Vmware integration is 100% (application consistent storage snapshots are driven by the StoreVirtual devices that "stop" the VMware server infrastructure while they're executing them, for instance).
find infos on HP StoreVirtual products here: http://www.hp.com/go/storevirtual
StoreVirtual operating system software capabilities are available also into a virtual machine that you can load into your virtualization environment, called VSA (Virtual SAN Appliance). If you execute that virtual machine into your environment, ANY storage you already own (internal disks, as well) will be configurable as netowrk RAID HP Storevirtual disks and considered part of a distributed pool, with all the advantages of making remote copies, clones, snapshots, thin provisioned LUNs, ... that the lefthand operating system offers.
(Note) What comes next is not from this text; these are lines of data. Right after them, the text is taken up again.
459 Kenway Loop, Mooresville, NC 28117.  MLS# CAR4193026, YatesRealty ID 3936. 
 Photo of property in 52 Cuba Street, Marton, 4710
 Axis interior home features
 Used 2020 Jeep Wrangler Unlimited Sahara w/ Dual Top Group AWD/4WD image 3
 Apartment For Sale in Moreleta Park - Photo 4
With the HP StoreVirtual VSA (Virtual SAN Appliance) you can transform whatsoever storage you own into a lefthand node. Of course, performances will NOT be certified on the hardware you own. High transactions environment will need to rely on a certified hardware architecture (the HP StoreVirtual devices themselves).
HP designed three different architectures called Virtualiazion Smart Bundles that you can use as working examples of virtualized infrastructures. One uses HP StoreVirtual VSA, to build HA architecture on VMware. Find it here: http://h18004.www1.hp.com/products/solutions/virtualization/virtvmware.html
VMWare certifies (please notice: it's VMware that certifies it) that the HP VirtualStore VSA support Vmware's metro cluster features on iSCSI. This really means, it's really working as expected (!).
:-)
What type of VM functionality are you looking at deploying, I do multi-site failover but I have the luxury of effectively static web and app VMs so just duplicate them around the place and use Cisco GSSs to load-balance over sites. Where I have problems is with my DBs which aren't VM'ed and are out of synchronous range so I have to use DataGuard/GoldenGate to async them. If your VMs aren't 'static/stateless' then you do need your LUNs replicated, have a look at HP and/or 3Par, they can do this in conjunction with VMWare's Site Recovery Manager but to be honest I'm surprised NetApp (whose boxes I despise btw) can't do what you want.
FYI: I looked around and found DataCore SANsymphony that seems to provide the automatic failover functions. I'll have it deployed in our test environment.
Maybe there is a Solution for your needs with Falconstor . Its a Storage Virtualisation that is able to transparently sync 2 FC Storage Systems certified with vmware . We have this Solution 2 years in Production and it always works nice.